I don’t usually follow trends. I love my big high heeled platforms even when stilettos are in. Bright blue nail polish coats my nails in January when Chanel is pushing a new version of black. Fancy full skirted party dresses are part of my wardrobe when simple skirts are filling the runways. The same goes for food. French fries are better than onion rings, tender filet mignon than trendy flank steak, and plain old PB & J than PB & foie. When it comes to desserts I’ll always love pecan pie and vanilla cake no matter how many cake pops one makes.
But since becoming a blogger, I’ve read a lot of recipes using Biscoff cookie butter. I’ve had the cookies before, but never heard of, let alone tried, the spread. So this time I succumbed to a trend. I bought a jar of cookie butter, even though I had no idea what I was going to do with it.
You might remember my crazy easy microwave peanut butter fudge from awhile ago. It is made in the microwave, and takes only 4 minutes plus chilling. I loved it; I still love it, but I wanted to mix it up, recreate it, do something different. There’s always the obvious almond or sunflower butter or even the possibility of trying chunky peanut butter. But all of those options were too boring and similar to the original.
Then I caught a glimpse of that red lidded jar of Biscoff spread sitting in the pantry just asking to be turned into some amazingly tasty treat. It was destined to become fudge.
Because I’d never tasted, nor baked with Biscoff before, I had no idea if this would work. It looked similar, perhaps a little lighter in color to the peanut butter fudge. The uncooled mixture tasted good. But it had to be chilled to see if the great Biscoff experiment worked. In the meantime I tasted the spread. It smells and tastes just like the cookies it’s made from, with a smooth texture and deep, rich gingerbread-like flavor. I’m not sure if I could spread it on bread like peanut butter, but I’d sure give it a try.

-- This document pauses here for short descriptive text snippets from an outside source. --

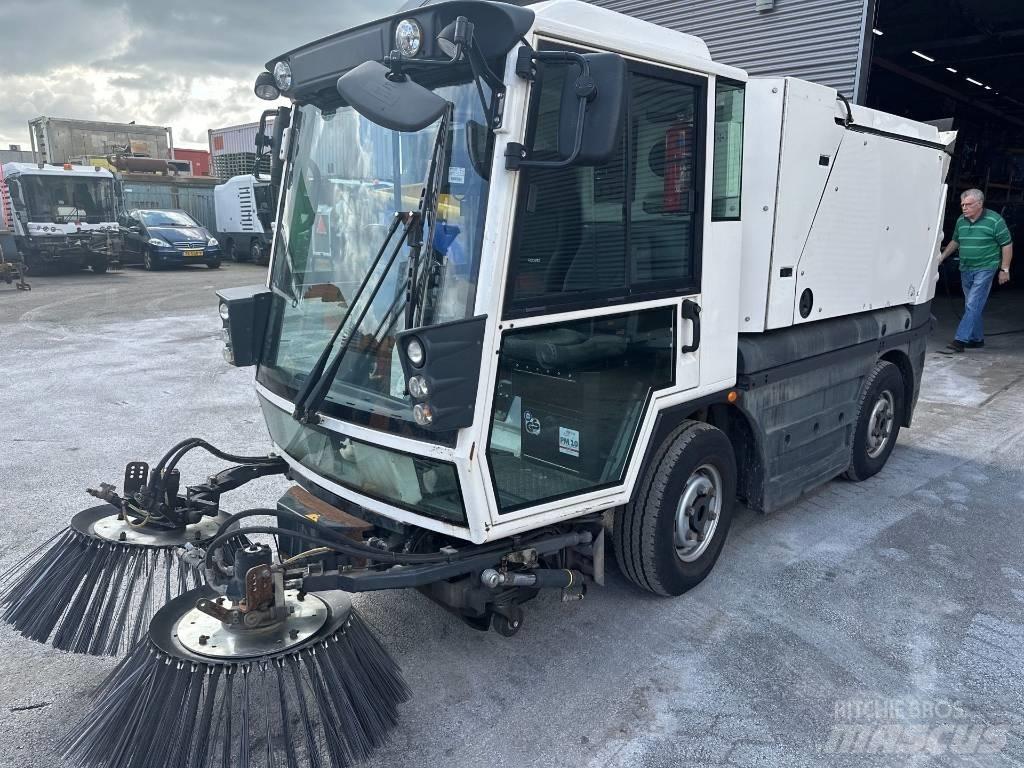 Schmidt Swingo 200 路面清掃機
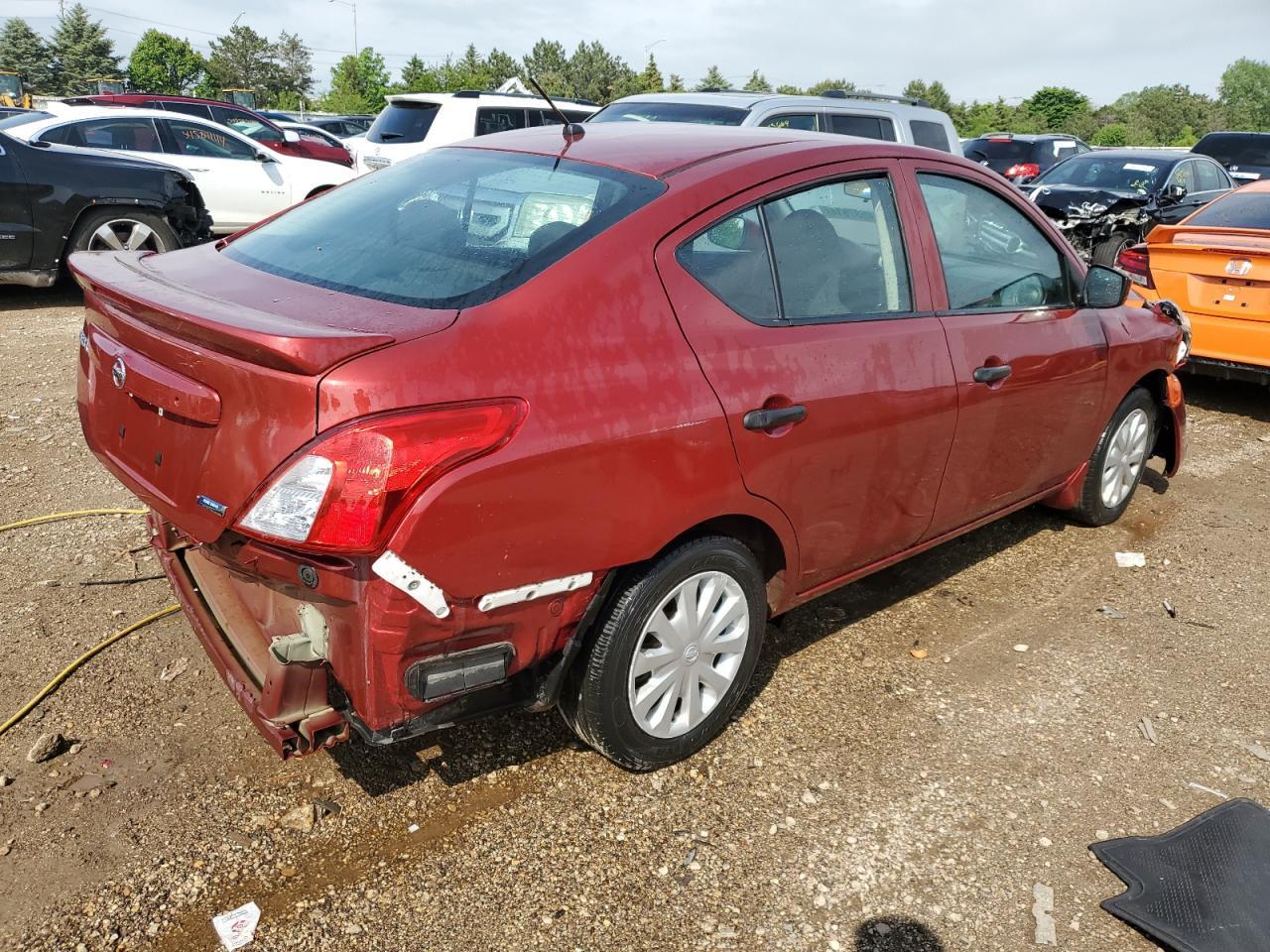 2016 NISSAN VERSA S - Фото 3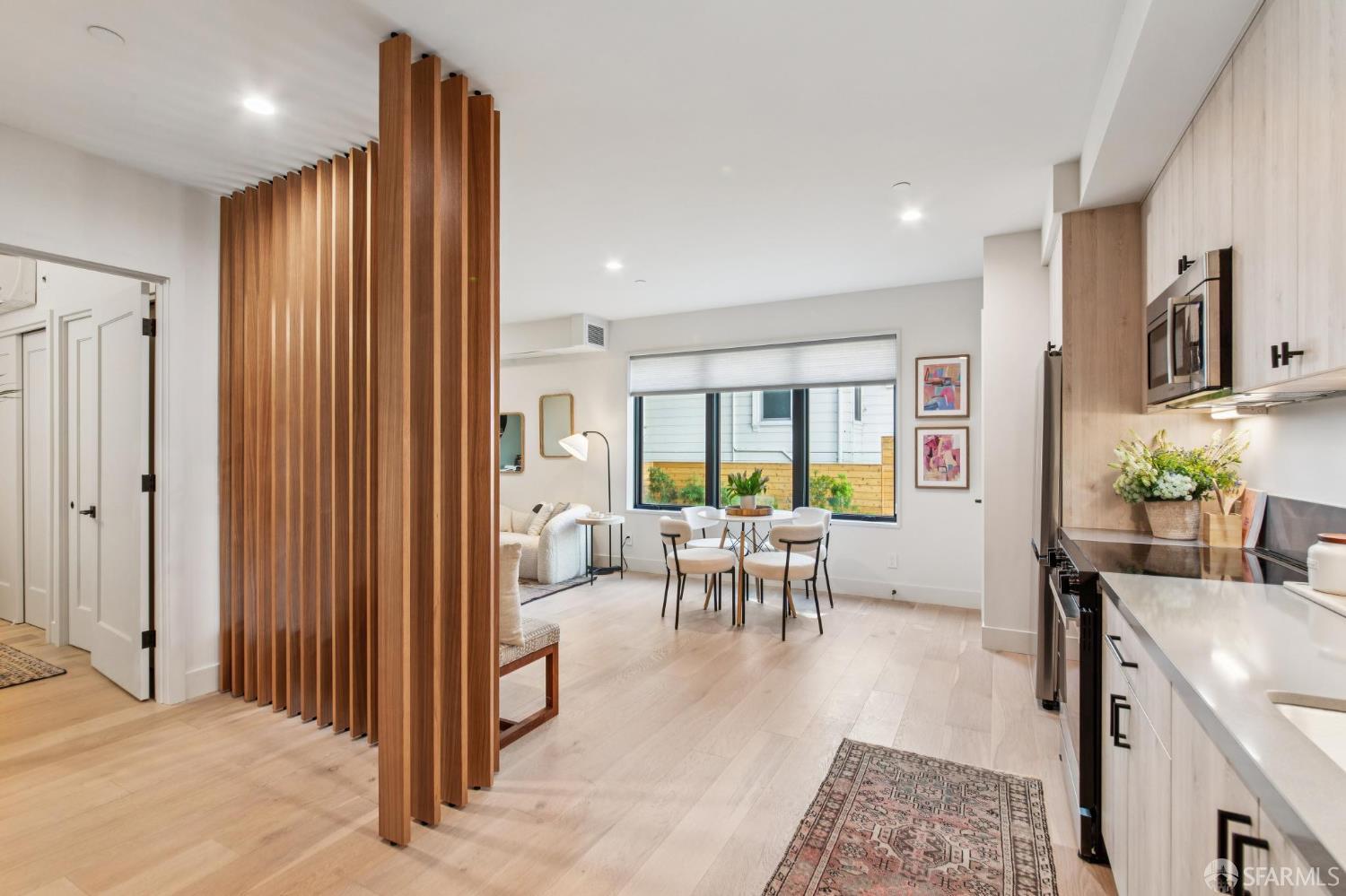 Detail Gallery Image 3 of 34 For 986 South Van Ness Ave #203,  San Francisco,  CA 94110 - 1 Beds | 1 Baths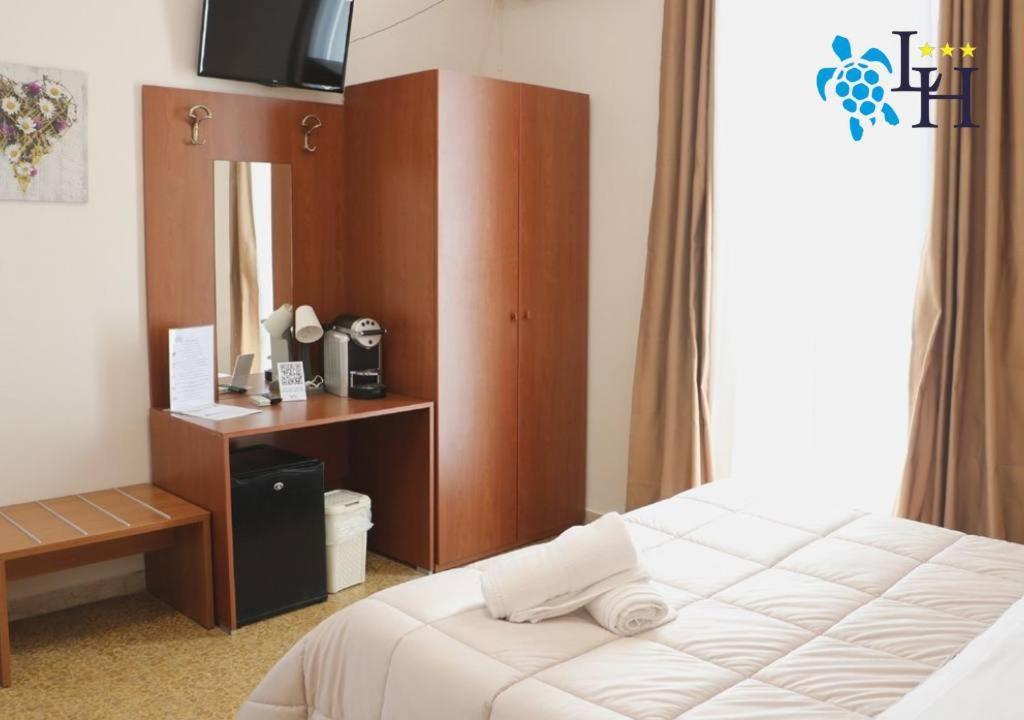 Hotel Lora Bordighera Buitenkant foto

A little more than two hours later, I pulled the fudge from the refrigerator and cut it into pieces. It crumbled slightly, but so did the original, so this is okay. It was taste test time. The fudge was bliss in my mouth. Firm, but creamy, the flavor is incredible with that sweet-spicy, but not overpowering gingerbread flavor. It just might be better than the original. Maybe Alton Brown will actually retweet my reinterpretation of his recipe. That would make this the best day ever. And even if he doesn’t at least I still have my trendy Biscoff fudge to comfort me!
You can check this recipe and many other yummy ones out at the Wednesday Cast Party from the Lady Behind the Curtain!Print
- 2 sticks unsalted butter
- 1 cup creamy Biscoff spread
- 2 teaspoons pure vanilla extract
- 1 pound (1 regular size box) confectioners’ sugar
- Put butter and Biscoff in a microwave safe medium-large bowl. Cover with a paper plate. Plastic wrap may alternatively be used, but I didn’t want to put plastic in the microwave. Microwave on high for 2 minutes. Stir to combine before returning to the microwave for 2 minutes more. The mixture will be hot and bubbling. Stir to combine. Then immediately stir in the vanilla followed by the confectioners’ sugar. Stir until mixture becomes thick, stiff, and loses its sheen, about 5 minutes.

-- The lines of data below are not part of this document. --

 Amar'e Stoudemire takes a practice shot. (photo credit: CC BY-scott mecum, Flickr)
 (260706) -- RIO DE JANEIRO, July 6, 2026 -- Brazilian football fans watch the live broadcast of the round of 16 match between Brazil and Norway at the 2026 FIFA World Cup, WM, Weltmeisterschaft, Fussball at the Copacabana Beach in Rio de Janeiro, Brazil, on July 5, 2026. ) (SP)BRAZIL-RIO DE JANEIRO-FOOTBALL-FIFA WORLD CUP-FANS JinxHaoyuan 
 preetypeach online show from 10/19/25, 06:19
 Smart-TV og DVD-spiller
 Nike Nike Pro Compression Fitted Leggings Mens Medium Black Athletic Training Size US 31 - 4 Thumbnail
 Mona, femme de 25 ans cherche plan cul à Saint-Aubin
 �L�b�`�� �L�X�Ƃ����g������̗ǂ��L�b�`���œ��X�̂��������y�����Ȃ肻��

- Spread the fudge in an 8-inch square pan lined with parchment paper. Refrigerate for at least 2 hours, and up to 5 before removing from refrigerator and pan and cutting into 64 1-inch pieces, 8 cuts across, 8 cuts down.
- May be stored at room temperature for up to 1 week or frozen wrapped in parchment and foil and placed in a zipper bag for up to 4 months. Thaw at room temperature for several hours.